A new programme to enable teenagers to access alternative provision and get an engineering qualification while at school has been launched at Furness College.
The college has welcomed 11 pupils from local schools to the Channelside campus so they can get a head start on the skills that they need for employment.
The Year 10 and 11 students have enrolled on a Level 1 Engineering Technology course where they are developing a range of technical skills, including sessions in the motor vehicle workshop. It is funded by Cumbria County Council and participating schools and runs one day a week.
Director of Curriculum (Young People’s Learning) and the College’s safeguarding lead Sue Hannan, who is overseeing the project, said the students have been selected by the schools and the engineering programme was the preferred pilot with courses in construction, hair and beauty, early years and public services planned for next year.
“The students on this programme will achieve nationally-recognised qualifications while they are still at school and will be ready for employment, an apprenticeship or to step up to the next level of study after school,” she said.
Daniel Barton, Assistant Director for Education and Skills at Cumbria County Council, said he was delighted to see this programme up and running and looked forward to it developing next year.
“It is a fantastic opportunity for young people with an interest in engineering to get a head start on the skills and experience they’ll need for their future careers,” he said. “The council is pleased to support alternative provision and understands the benefits this type of opportunity can present to young people looking ahead to their future. I’d like to wish all the students enrolled every success with their studies.”
Leanne Hirst, of Furness College, who is offering the pastoral support aspect of the scheme said the students had shown great enthusiasm so far.
“They seem excited about the course and proud to be part of the college environment. Already, two of the students have asked if they can attend more than one day a week which demonstrates just how much they’re enjoying the programme. I am excited to see how the students develop this year as they learn new skills within engineering.”
The scheme has been developed by Principal and Chief Executive Andrew Wren with local head teachers as part of the Furness Education Consortium, building on Furness College’s previous experience offering 14 – 19 diplomas.
The opportunity is open to pupils from the following local schools: Furness Academy, St Bernard’s, Walney, Dowdales, Chetwynde, Ulverston Victoria High School and Millom.
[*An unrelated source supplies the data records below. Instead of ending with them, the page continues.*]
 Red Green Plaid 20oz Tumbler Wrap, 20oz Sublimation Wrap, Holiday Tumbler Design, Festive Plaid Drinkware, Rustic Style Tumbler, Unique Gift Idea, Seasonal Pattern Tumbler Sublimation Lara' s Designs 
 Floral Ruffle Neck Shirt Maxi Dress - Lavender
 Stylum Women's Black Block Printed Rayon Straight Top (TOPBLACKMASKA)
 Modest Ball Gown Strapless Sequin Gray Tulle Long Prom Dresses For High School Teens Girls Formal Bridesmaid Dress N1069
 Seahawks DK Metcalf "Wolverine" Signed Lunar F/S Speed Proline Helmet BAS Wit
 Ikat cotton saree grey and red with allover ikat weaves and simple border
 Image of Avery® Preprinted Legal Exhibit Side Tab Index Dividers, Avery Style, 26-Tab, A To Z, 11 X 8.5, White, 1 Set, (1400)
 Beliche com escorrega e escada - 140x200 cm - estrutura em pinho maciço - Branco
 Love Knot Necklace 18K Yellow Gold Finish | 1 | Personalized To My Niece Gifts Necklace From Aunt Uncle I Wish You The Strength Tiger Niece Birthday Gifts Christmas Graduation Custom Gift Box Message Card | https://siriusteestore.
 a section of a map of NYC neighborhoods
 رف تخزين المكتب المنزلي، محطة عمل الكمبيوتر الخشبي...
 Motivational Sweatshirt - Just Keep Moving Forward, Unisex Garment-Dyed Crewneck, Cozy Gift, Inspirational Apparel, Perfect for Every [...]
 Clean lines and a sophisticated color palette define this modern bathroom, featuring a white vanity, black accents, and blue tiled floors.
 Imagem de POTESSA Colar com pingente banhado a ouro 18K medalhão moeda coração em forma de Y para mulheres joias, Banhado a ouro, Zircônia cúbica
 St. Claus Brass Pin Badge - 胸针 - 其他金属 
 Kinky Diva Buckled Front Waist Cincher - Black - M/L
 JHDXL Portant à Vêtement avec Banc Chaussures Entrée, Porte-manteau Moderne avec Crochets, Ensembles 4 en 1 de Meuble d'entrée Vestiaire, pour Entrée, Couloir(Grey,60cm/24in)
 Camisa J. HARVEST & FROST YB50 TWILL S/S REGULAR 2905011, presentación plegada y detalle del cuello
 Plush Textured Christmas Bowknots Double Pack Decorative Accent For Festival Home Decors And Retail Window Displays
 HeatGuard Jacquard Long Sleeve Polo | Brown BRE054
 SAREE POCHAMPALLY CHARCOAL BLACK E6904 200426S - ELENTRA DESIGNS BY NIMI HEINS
Sue Mallinson, of St Bernard’s School in Barrow, said the students were thoroughly enjoying the experience so far and the chance to learn in a college. “This is a fantastic opportunity for students to achieve a recognised qualification which will enhance their career opportunities upon leaving school,” she said.
The college has a dedicated ‘Schoolzone’ in the Advanced Manufacturing and Technology Centre for the pupils every Friday.